Peter Orner and the Lives of Others

ABOVE: PETER ORNER. PHOTO COURTESY OF TRACI GRIFFIN.

“You think a story dies?” Walt Kaplan mentally mutters in “Last Car Over The Sagamore Bridge,” the titular story in Peter Orner’s second collection of short stories.

Like his predecessor Raymond Carver, Orner knows how to suggest a great deal with very little. With his specific titles— “Lubyanka Prison, Moscow, 1940” or “Paddy Bauler in a Quiet Moment,”—and succinct opening sentences, the Chicago-born writer drops his readers into his characters’ lives and does not wait for them to catch up. But Orner’s stories, which span the 1940s to the 1990s, Al Capone to Ted Kennedy, and Chicago to Mexico to Russia, are as much about the way in which they are told as the events they relate. A study of memory, myth, and survival.

Now 45, Orner has also written two novels, The Second Coming of Mavala Shikongo (2006) and Love and Shame and Love (2011), and currently teaches at San Francisco State University. We recently spoke with the author via phone.

EMMA BROWN: Do you have an earliest memory that you are willing to share?

PETER ORNER: Yeah. I sometimes wonder if our memories are a myth. We think we remember, but we are remembering the story and not the actual event? My parents took us to Europe when I was a real little kid—I was three or something. It was a disaster. I tried to push my older brother off of the Eiffel Tower. It’s just one of those family stories that gets told and told. But I actually remember being so pissed at him as to try to do that. He deserved it. He was needling me about things that I didn’t know.

BROWN: Did you have this theme of memory and how we tell stories in mind when you started writing the first story for this collection?

ORNER: I think it’s always been this sort of obsession. There’s a great Chekhov quote that I used in my second book, a novel about Namibia called The Second Coming of Mavala Shikongo. He says, “The Russian loves recalling life, but he does not love living.” That scene has always been something that I have held dear. When something happens, the first thing you want to do is tell it. That’s almost more exciting. It’s almost simultaneous with the experience; you are already telling something incredible while it’s happening. The stories that everybody carries around and repeats, I am really interested in that. Those are not necessarily the most exciting things that happened to them, they’re just things that stick. I really want to know what sticks.

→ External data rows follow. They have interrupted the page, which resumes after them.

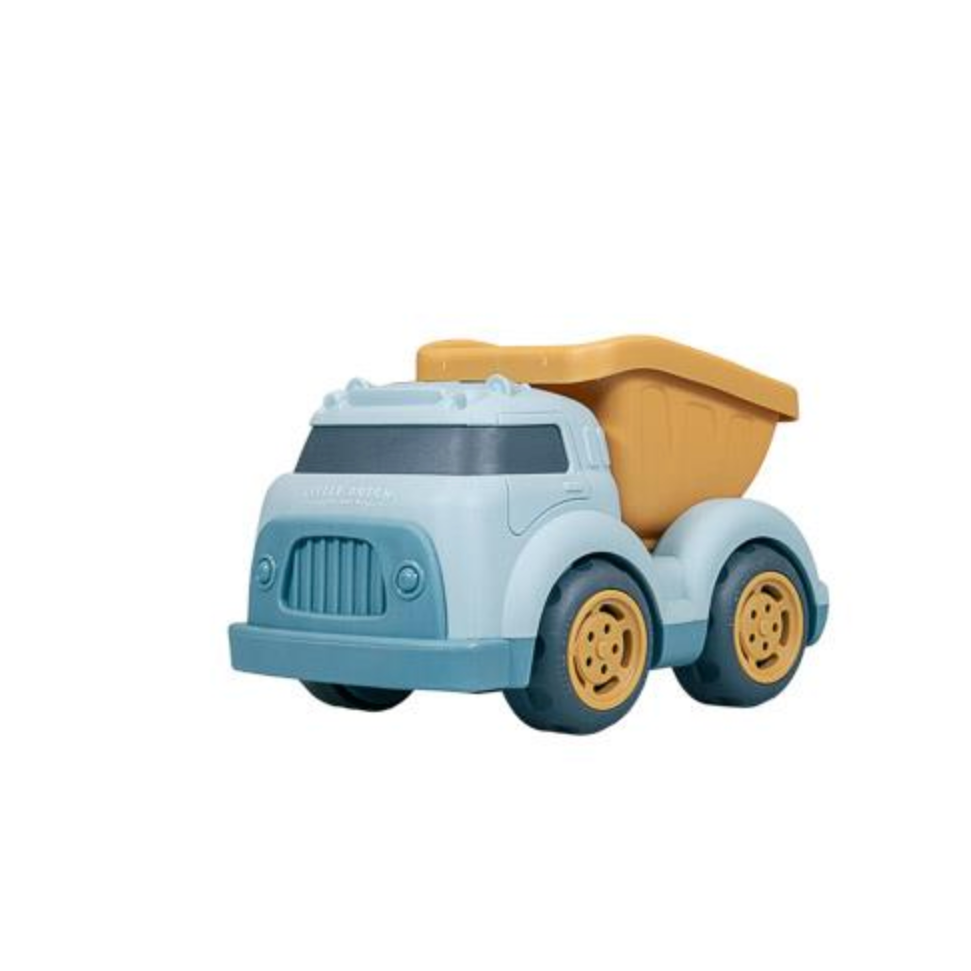 Little Dutch Autocarro con cassone ribaltabile camion giocattolo da spiaggia Ocean Dreams Blue 2012518
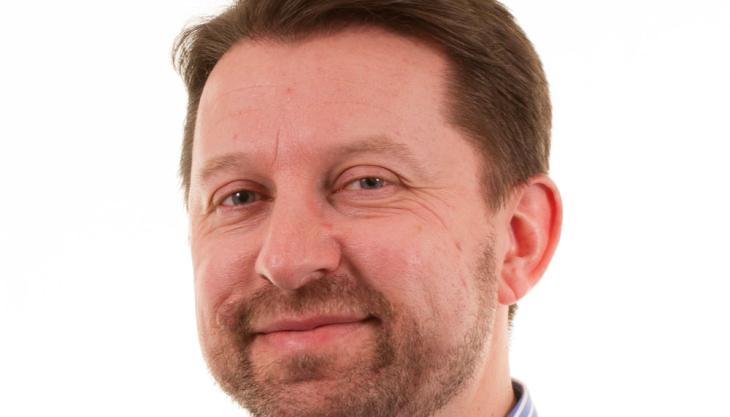 Institute of Quarrying partnership with US industry Phil James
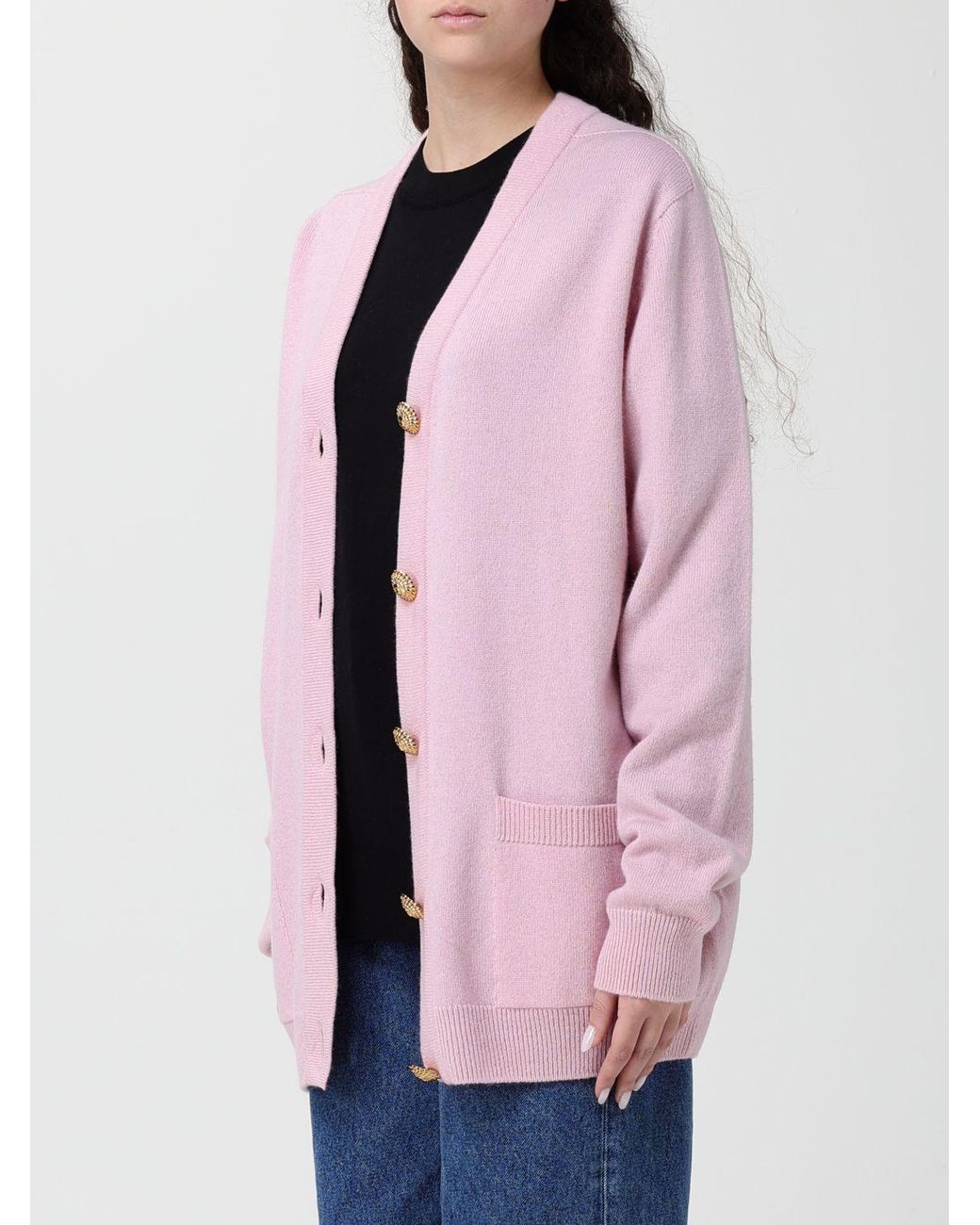 Balmain Pink Jacket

BROWN: There’s that very famous quote at the beginning of Anna Karenina: “Happy families are very alike; every unhappy family is unhappy in its own way.” Do you feel that way about your stories? None of them are particularly upbeat.

ORNER: He knew what he was talking about.  [laughs] I think that maybe happy families don’t need stories the way unhappy families need stories. Maybe they’re too busy living that they don’t actually step back and talk about life like the Chekhov quote. I prefer Chekhov to Tolstoy, and the reason is because of what he leaves out. Sometimes I think Tolstoy had a theory that he was proving and he proved it. Chekhov is more ambiguous, so I agree with the quote completely, but I also feel like there’s more to it. What is a happy family and an unhappy family? We’re probably both of those things at the same time.

BROWN: The settings of your stories are very specific. Do you usually start with a location?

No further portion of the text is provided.